At a time when college tuition list prices are higher than ever before, CBS News recently spotlighted how some colleges are spending more on lavish perks like lazy rivers in an effort to lure students to their campuses often at the expense of core academic facilities like libraries.
While education onlookers have been quick to decry college administrators’ misappropriation of funds for education when spent on such apparent excesses, research that Bob Moesta and I led at the Christensen Institute suggests that for many of the students attending these schools, this type of opulent experience may be precisely part of what they are buying. Spending on these items also gives lie to the idea that brick-and-mortar colleges don’t spend much money on marketing. Spending on amenities like lazy rivers, alongside college athletics expenditures, may not be formally classified as marketing on a school’s 990, but they are certainly used to attract students.

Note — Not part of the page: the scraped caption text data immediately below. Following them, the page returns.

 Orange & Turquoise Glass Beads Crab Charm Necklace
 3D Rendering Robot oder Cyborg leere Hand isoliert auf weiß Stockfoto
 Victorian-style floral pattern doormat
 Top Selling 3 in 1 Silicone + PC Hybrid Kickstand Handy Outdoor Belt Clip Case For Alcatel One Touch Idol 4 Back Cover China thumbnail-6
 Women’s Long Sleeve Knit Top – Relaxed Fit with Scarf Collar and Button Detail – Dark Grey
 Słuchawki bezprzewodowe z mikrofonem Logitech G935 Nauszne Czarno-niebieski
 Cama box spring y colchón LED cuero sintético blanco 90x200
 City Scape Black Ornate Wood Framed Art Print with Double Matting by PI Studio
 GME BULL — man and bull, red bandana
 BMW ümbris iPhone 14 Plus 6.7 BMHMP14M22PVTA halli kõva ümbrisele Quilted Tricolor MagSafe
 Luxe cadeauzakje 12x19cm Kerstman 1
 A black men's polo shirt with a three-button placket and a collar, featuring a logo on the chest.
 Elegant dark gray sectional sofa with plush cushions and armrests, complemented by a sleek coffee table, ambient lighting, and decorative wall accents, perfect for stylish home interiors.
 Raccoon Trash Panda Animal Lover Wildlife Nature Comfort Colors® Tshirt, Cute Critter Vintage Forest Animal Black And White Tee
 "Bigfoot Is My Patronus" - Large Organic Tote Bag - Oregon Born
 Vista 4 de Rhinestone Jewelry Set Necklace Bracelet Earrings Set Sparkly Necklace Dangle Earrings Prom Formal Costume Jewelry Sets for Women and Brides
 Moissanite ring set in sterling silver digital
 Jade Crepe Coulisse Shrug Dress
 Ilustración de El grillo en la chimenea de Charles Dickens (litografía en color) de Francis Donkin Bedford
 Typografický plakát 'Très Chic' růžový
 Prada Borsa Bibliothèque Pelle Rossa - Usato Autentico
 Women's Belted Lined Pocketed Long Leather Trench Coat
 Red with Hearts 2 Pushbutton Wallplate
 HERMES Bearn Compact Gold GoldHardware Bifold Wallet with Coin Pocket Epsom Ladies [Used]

Despite the finding that nearly 90 percent of students say they are going to college to get a job, according to UCLA’s annual survey of freshmen entering four-year colleges and universities, as Bob and I documented in our new book Choosing College, that’s an oversimplification at best.
Many students are choosing their college because as part of a drive to get into the best school possible, they want the “classic” college experience they’ve been led to expect. As Joe May, the chancellor of the Dallas Community College District, recently told Jeff Selingo and me on an episode of Future U, all too often colleges sell their experience as a lifestyle, not for its other benefits.
That means many students expect the climbing walls, opulent dining halls, top-notch gyms and yes, even the lazy rivers.
The big challenge facing schools who are optimizing around these students is this, however: In a world of unlimited resources, many students and their families might continue to opt for these extravagant, high-end programs. But most students and families do not live in such a world. With limited resources and questions around the future of work, they may increasingly voice skepticism about the value of these expensive, undifferentiated institutions and look elsewhere.
Demand for traditional college experiences, in other words, is unlikely to be infinitely inelastic no matter how desirable. Indeed, many small, rural liberal arts colleges are already on the precipice of closing, as their business model is fundamentally unsustainable.
Following that, there is likely a limit to the number of colleges that can win at serving students who want these experiences. Already today, only a minority of college students live on campus and are enrolled full time. That number will likely shrink in the years ahead given changing demographics that will result in fewer traditional college-aged students.
An additional challenge is that although many colleges probably think they are serving students desiring this experience, they are in many cases likely serving great numbers of students who are attending college to fulfill someone else’s expectations of them. It is important for institutions to be realistic about the circumstances in which their students actually are, not where they might wish they were.
Given the overbuilt nature of many institutions’ physical plants, spending on fancy features like lazy rivers may be wise in the short term but dangerous in the longer run.
A more difficult question for schools looking to serve students who want the fancy amenities and the classic college experience might be this: how can schools offer unexpected experiences that surprise and delight students who are coming for the classic college experience in ways that are more differentiated, less costly, and more creative than simply continuing the facility arms race in higher education?
The answer may not be obvious, but for places of higher learning, they should be up for the intellectual challenge as though the future of their institutions depends on the answer. Because it just might.